Stephen P. Amos, who headed the Governor's Office of Crime Control and Prevention under Democrat Parris N. Glendening, had been caught up in a corruption probe that became public in 2002, weeks before the gubernatorial election between then-Rep. Robert L. Ehrlich Jr. and then-Lt. Gov. Kathleen Kennedy Townsend. Townsend oversaw Amos' office.

Ehrlich, a Republican, made the investigation a campaign issue and won election as governor in part on a theme of need for change in Annapolis. In 2004, Amos was charged with misusing $6.3 million in federal grant money by allocating too much for administrative expenses. The implication was that the money paid salaries of Townsend staffers whose duties were political in nature. The charges were dropped and the indictment expunged, but the ordeal cost Amos his marriage, house, savings and career.

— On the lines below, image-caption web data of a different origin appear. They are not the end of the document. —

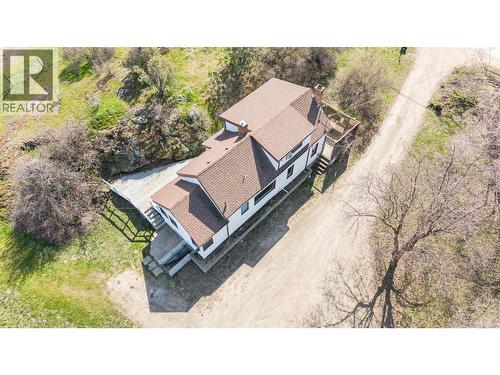 Aerial of 1942 farmhouse - 10091 6 Highway, Coldstream, BC 
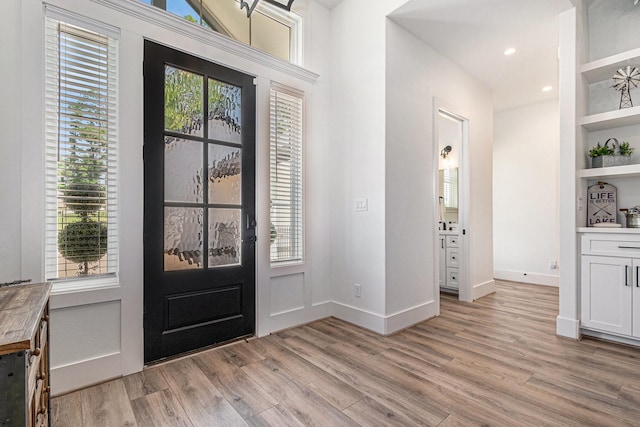 111 Seagull Path, Point Blank, TX 77364 - entrance foyer with light wood-style flooring and baseboards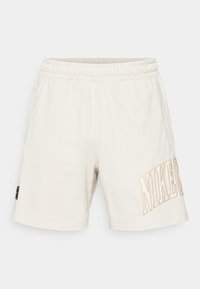 Ei valittu, light orewood brown/pale ivory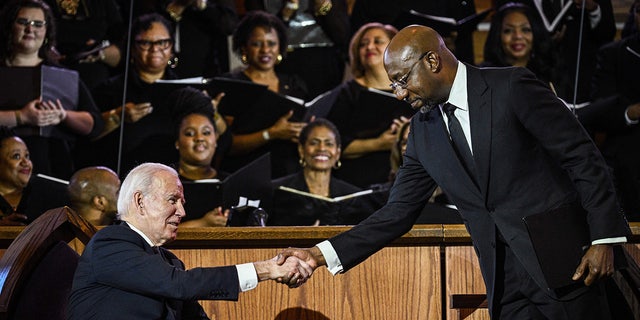 Sen. Raphael Warnock greets President Joe Biden during a worship service in Atlanta, Georgia, on Jan. 15, 2023, ahead of Martin Luther King, Jr. Day. Despite Warnock's win in Georgia, the DNC opted to host the 2024 convention in Illinois. 
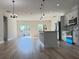 Open floor plan showcasing kitchen island, stainless steel appliances, and modern pendant lighting for an inviting living space at 2406 Sw 163Rd Pl, Ocala, FL 34473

He has been largely unemployed since then.

"We are dealing with one of the largest abuses of political power in the history of the state," said Comptroller Peter Franchot, a public works board member who voted to repay Amos $193,194, as allowed by state law. "It's only a partial compensation. The mental anguish he and his family have gone through are really a black mark on the history of the state."

Gov. Martin O'Malley, who took office a week ago, put the repayment on the agenda of his first board meeting and phoned Amos to apologize for the delay.

"I essentially told him it would be on the agenda and that I was sorry it took so long," O'Malley said. "It was a big injustice. ... Hopefully, it's behind him and his family now and they can move forward."

The Maryland attorney general's office approved the compensation more than a year ago. But the item never came before the Board of Public Works because Ehrlich's chief counsel, Jervis S. Finney, believed the charges were justified even though Amos was cleared of wrongdoing. Finney stood by his position yesterday.

"It did not meet the former governor's standard because there were too many unanswered and unasked questions," Finney said.

Amos said in an interview that he is grateful for the decision, which will help him close a difficult chapter.

"I want to say thank you not only to the governor and the comptroller and the treasurer but ultimately to the people of the state of Maryland," Amos said. "They saw an injustice and did what they could to fix it. ... Bad things happen to good people, and you come to realize that what happens after that is what matters."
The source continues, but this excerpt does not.